What do stem cell differentiation, females with disabilities in the classroom, the relationship between Jewish and American law and a medieval Greek rabbi’s Talmud commentary have in common?

They are all topics of doctoral research by Shalhevet faculty members.

Currently, there are five faculty members who have finished their doctorates — one recently —  and four more whose are in progress. Five have or are pursuing Ed.Ds — the degree of Doctor of Education — and four have or are pursuing Ph.Ds, or Doctor of Philosophy.  

“An Ed.D. is more of a professional degree” for educators, said Dr. William Walton, Ed.D., who is Math Department chair and Director of Curriculum and Instruction.

“With a Ph.D., you’d be required to take two languages, and in an Ed.D. program you don’t have to do that,” Dr. Walton said. “An Ed.D. usually has a more focused dissertation, focused on a specific problem, whereas a Ph.D. dissertation would tend to be more academic.”

Judaic Studies teacher Rabbi Abraham Lieberman is currently working towards his Ph.D., while science teacher Dr. Elizabeth Basheer, history teacher Dr. Keith Harris and part-time law and religion teacher Dr. Avi Helfand already have theirs.

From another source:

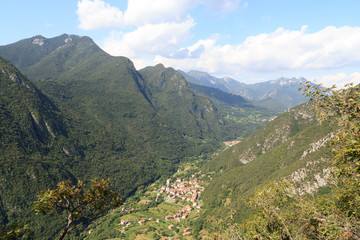 Naklejka na ściany i meble Townscape of village Biacese with mountain panorama near Lake Garda, Italy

Along with Dr. Walton, Principal Dr. Noam Weissman has received his Ed. D., while Education Support Coordinator Ms. Ashley Evins, Judaic Studies teacher and Mashgiach Ruchani Rabbi David Block, and General Studies Principal Mr. Daniel Weslow are working on it.

Whatever differences there may be between Ed.D.s and Ph.D.s, both require the writing of a dissertation based on original research.  Here are the topics studied by Shalhevet’s faculty members.

 

Science teacher Dr. Elizabeth Basheer received her Ph.D. in Chemistry in 2013 from the University of South Carolina.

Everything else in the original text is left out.